Documented in ifcb_summarize_biovolumes

utils::globalVariables(c("biovolume_um3", "carbon_pg", "counts", "classifier", "."))
#' Summarize Biovolumes and Carbon Content from IFCB Data
#'
#' This function calculates aggregated biovolumes and carbon content from Imaging FlowCytobot (IFCB)
#' samples based on biovolume information from feature files. Images are grouped into classes either
#' based on classification files (`.mat`, `.h5`, or `.csv`), manually annotated files, or a
#' user-supplied list of images and their corresponding class labels (e.g. from a CNN model).
#'
#' @param feature_folder Path to the folder containing feature files (e.g., CSV format).

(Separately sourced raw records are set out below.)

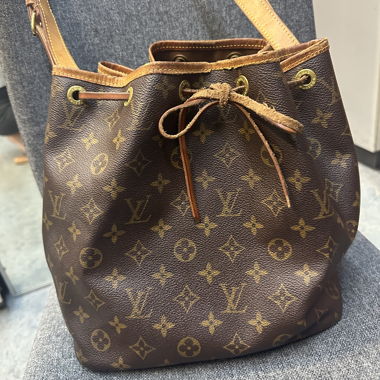 Louis Vuitton - noe noe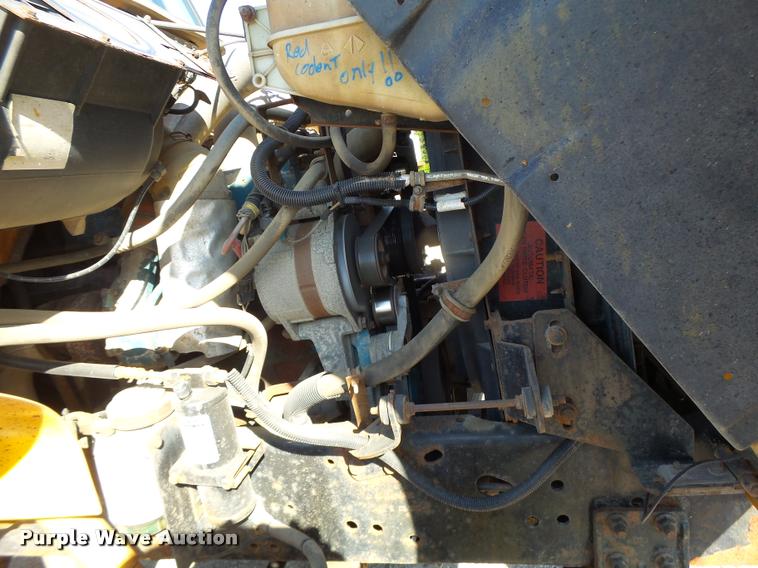 image for item DB1328 2002 International 4900 dump truck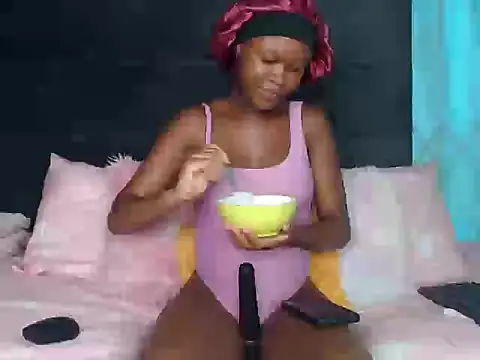 LilPregnantMommyyy online show from November 20, 2025, 10:38 am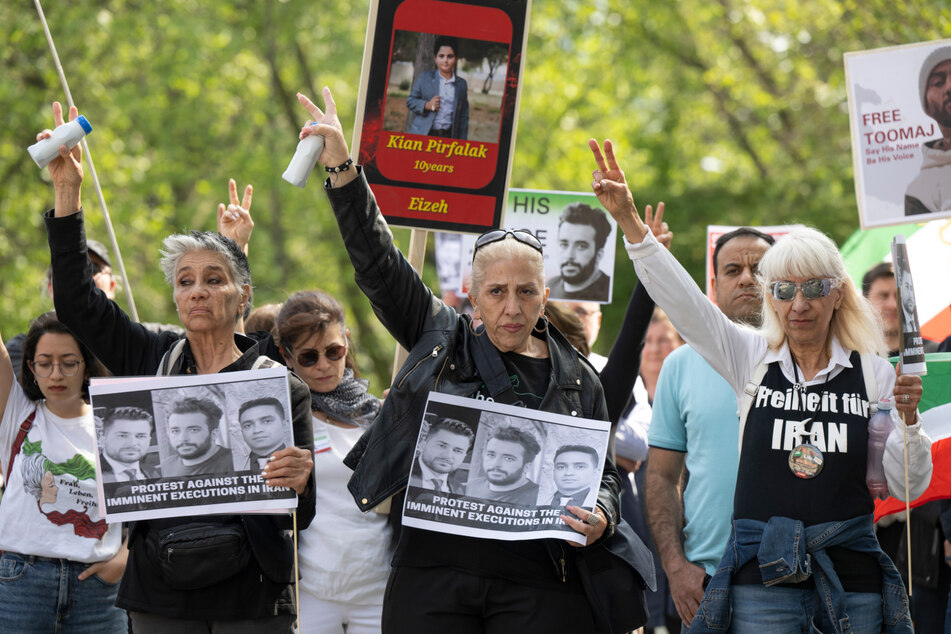 Auch in Frankfurt protestierten Exil-Iraner gegen die Hinrichtungen im Iran.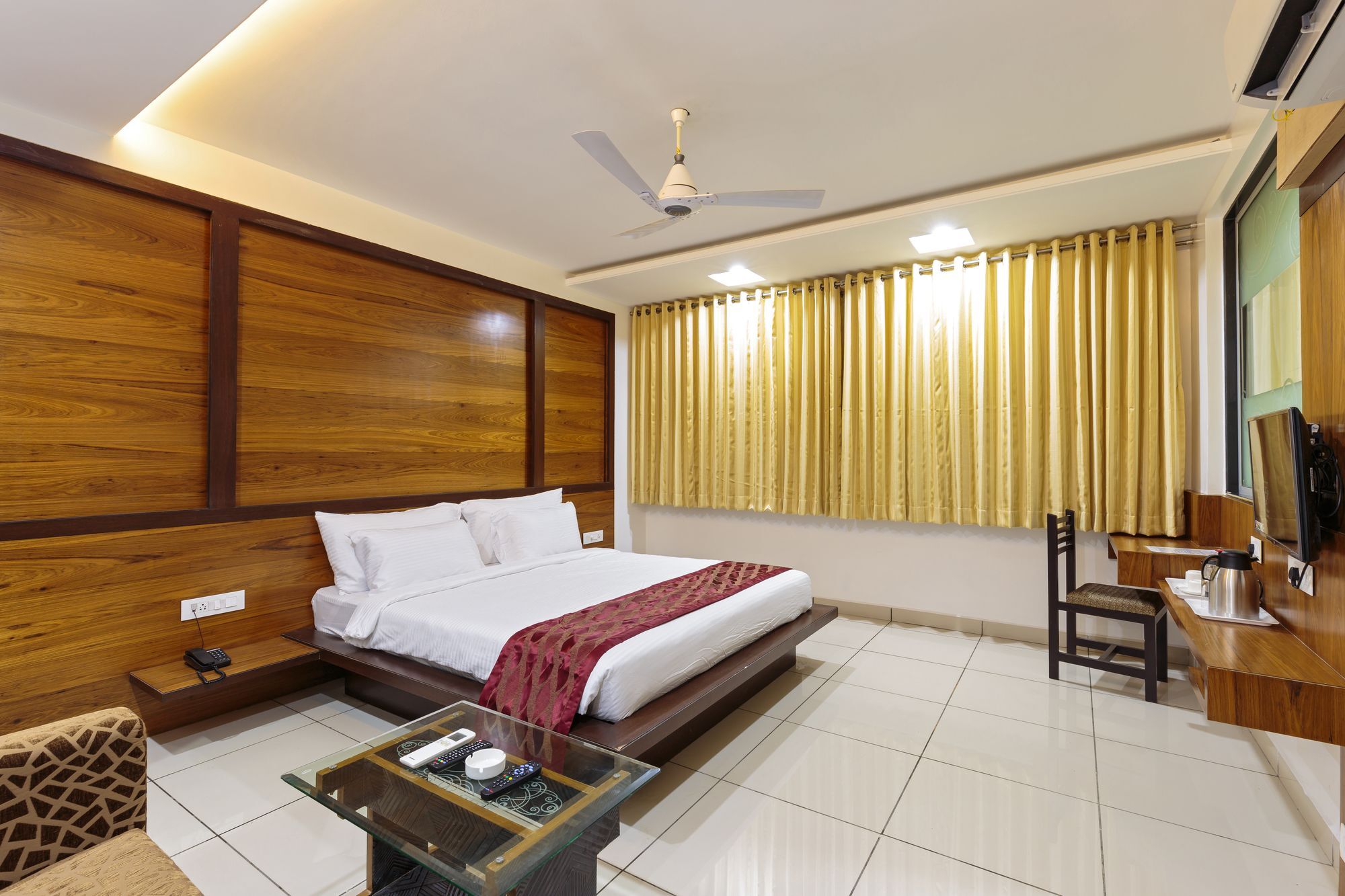 Hotel Radiant Kolhapur Ngoại thất bức ảnh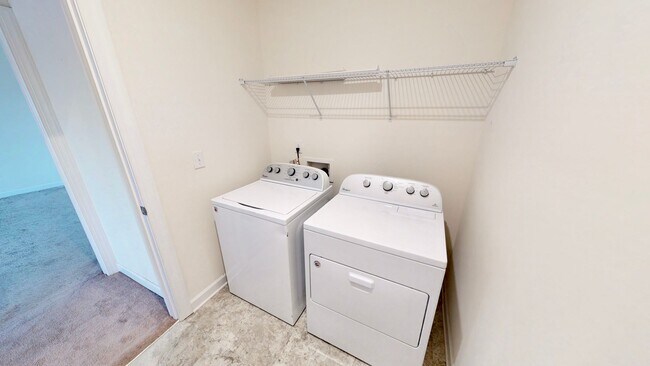 Building Photo - 4500 Collingham Dr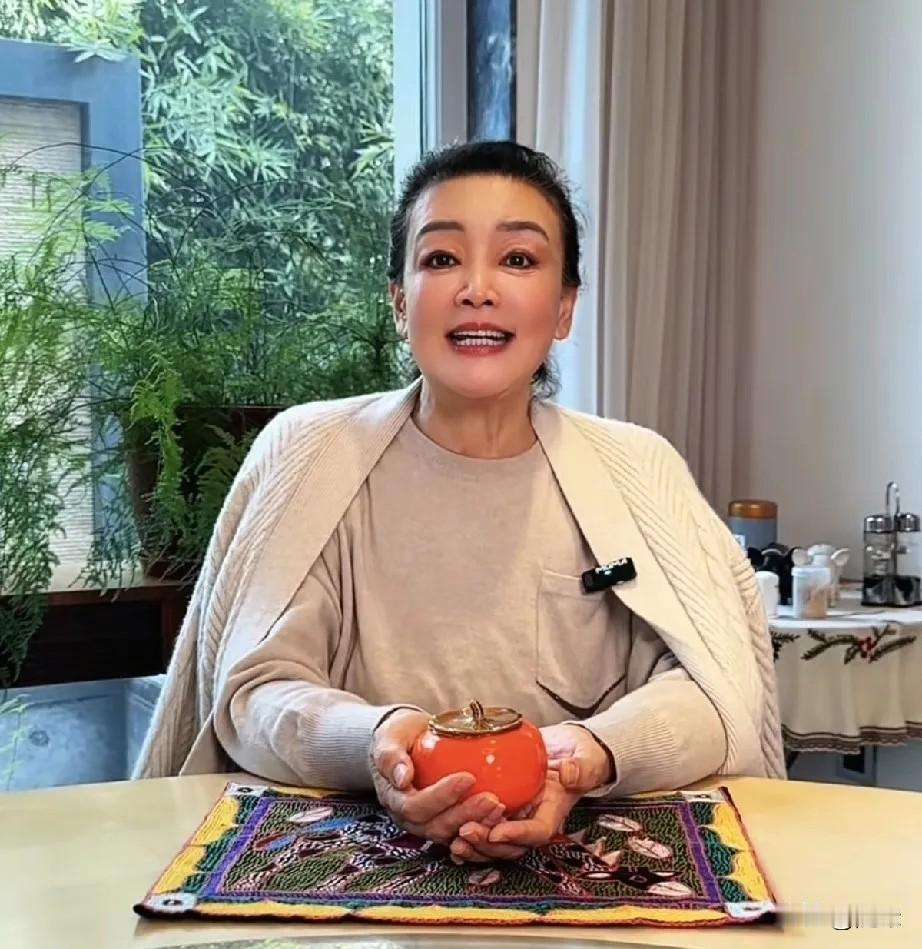 张兰更新动态马筱梅在湾湾待产，汪小菲也已经到湾湾和老婆孩子一起过大年，张兰一个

#' @param class_files (Optional) A character vector of full paths to classification or manual
#'   annotation files (`.mat`, `.h5`, or `.csv`), or a single path to a folder
#'   containing such files.
#' @param class2use_file (Optional) A character string specifying the path to the file containing the class2use variable (default NULL). Only needed when summarizing manual MATLAB results.

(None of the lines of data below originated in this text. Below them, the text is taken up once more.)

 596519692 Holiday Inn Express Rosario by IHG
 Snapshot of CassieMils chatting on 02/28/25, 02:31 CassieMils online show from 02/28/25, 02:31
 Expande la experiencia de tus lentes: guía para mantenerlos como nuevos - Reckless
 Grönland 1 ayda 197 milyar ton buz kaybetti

#' @param hdr_folder (Optional) Path to the folder containing HDR files. Needed for calculating cell, biovolume and carbon concentration per liter.
#' @param custom_images (Optional) A character vector of image filenames in the format DYYYYMMDDTHHMMSS_IFCBXXX_ZZZZZ(.png),
#'        where "XXX" represents the IFCB number and "ZZZZZ" represents the ROI number.
#'        These filenames should match the `roi_number` assignment in the `feature_files` and can be
#'        used as a substitute for classification files.
#' @param custom_classes (Optional) A character vector of corresponding class labels for `custom_images`.
#' @param micron_factor Conversion factor from microns per pixel (default: 1/3.4).
#' @param diatom_class A character vector of diatom class names in the World Register of Marine Species (WoRMS). Default is "Bacillariophyceae".
#' @param diatom_include Optional character vector of class names that should always be treated as diatoms,
#'        overriding the boolean result of \code{ifcb_is_diatom}. Default: NULL.
#' @param marine_only Logical. If TRUE, restricts the WoRMS search to marine taxa only. Default is FALSE.
#' @param threshold A character string controlling which classification to use.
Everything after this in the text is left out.